**INSTRUCTIONS FOR THE TASK:** For the records below, give the number of lines in which "type" appears, and add nothing else.

Crawled caption data:
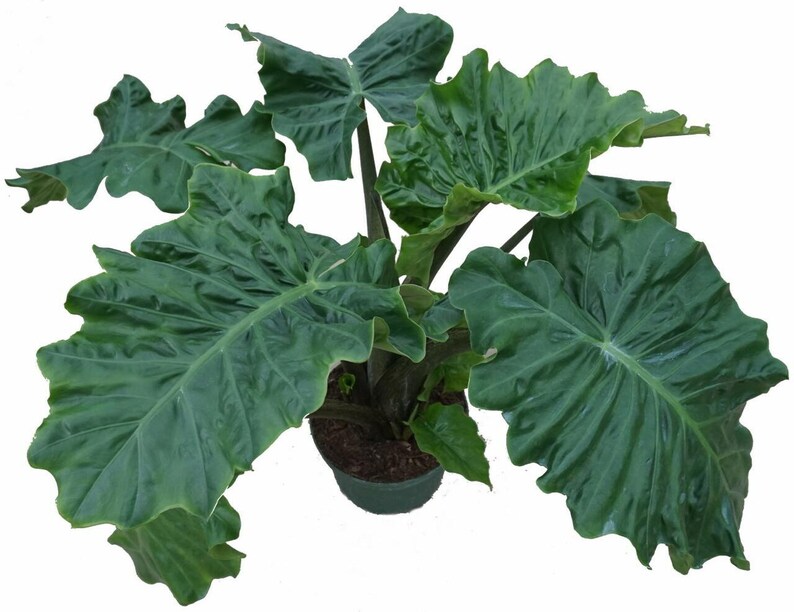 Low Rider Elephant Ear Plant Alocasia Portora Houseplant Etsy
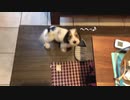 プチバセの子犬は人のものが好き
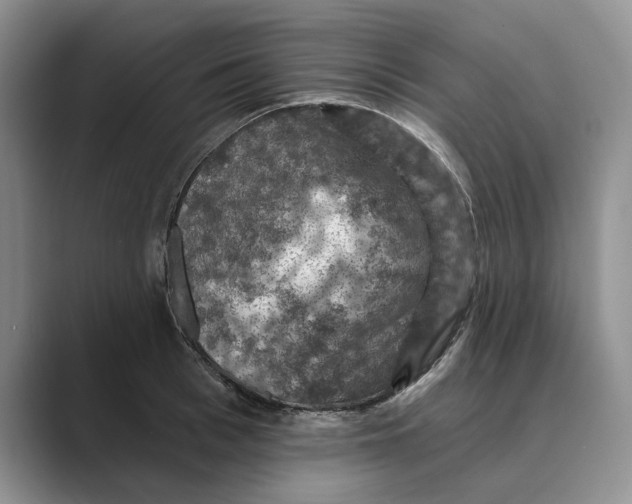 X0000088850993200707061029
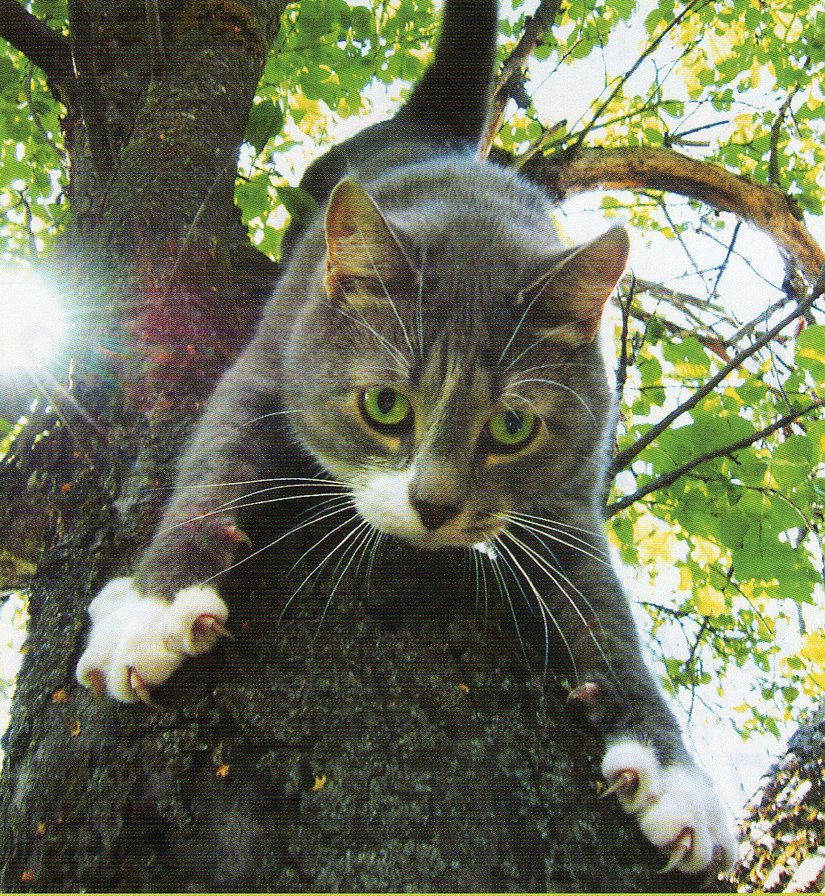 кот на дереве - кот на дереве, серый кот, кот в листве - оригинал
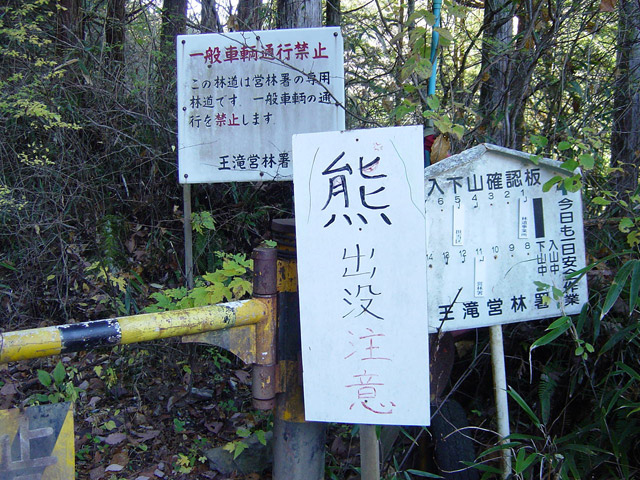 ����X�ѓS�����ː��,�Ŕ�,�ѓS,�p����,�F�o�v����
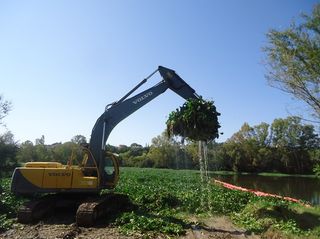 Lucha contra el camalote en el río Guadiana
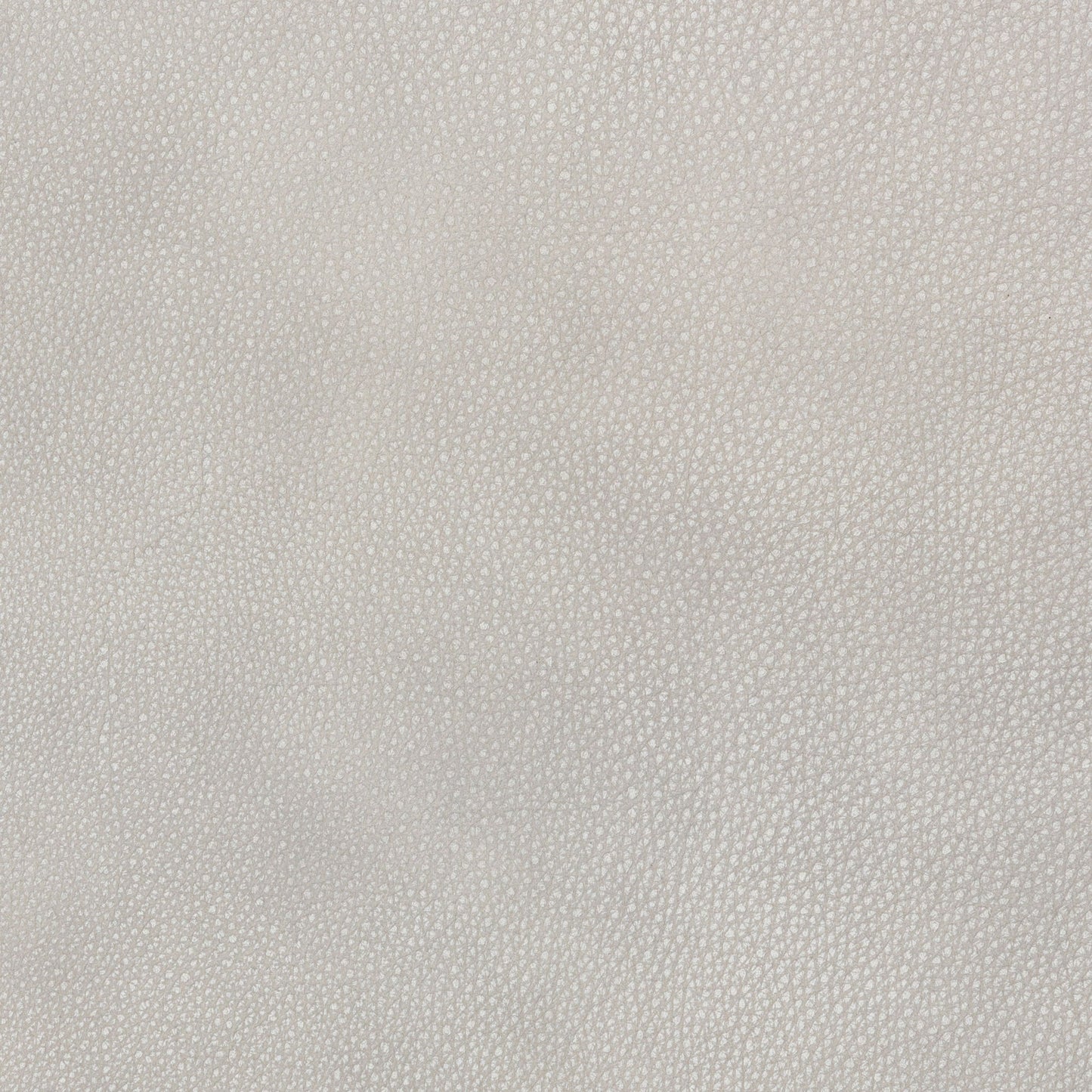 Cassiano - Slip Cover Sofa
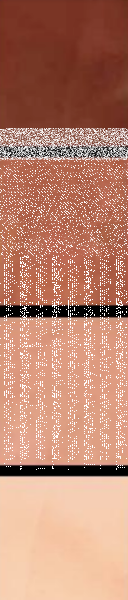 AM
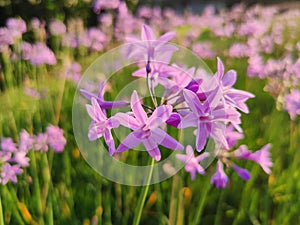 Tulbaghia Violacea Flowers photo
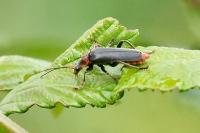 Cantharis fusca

* * *

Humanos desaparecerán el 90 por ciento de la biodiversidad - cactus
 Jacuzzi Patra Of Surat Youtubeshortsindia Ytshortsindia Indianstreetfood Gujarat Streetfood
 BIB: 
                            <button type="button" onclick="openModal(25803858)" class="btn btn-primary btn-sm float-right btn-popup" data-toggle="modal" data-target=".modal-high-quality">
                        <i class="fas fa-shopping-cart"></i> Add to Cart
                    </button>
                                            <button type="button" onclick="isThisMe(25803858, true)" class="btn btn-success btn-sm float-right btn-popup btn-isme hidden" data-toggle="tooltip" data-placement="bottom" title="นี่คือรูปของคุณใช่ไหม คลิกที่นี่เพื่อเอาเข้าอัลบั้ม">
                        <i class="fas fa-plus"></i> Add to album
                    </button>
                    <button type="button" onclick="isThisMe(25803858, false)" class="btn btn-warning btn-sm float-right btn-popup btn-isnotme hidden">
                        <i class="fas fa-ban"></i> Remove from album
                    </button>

**EXPECTED ANSWER:** 3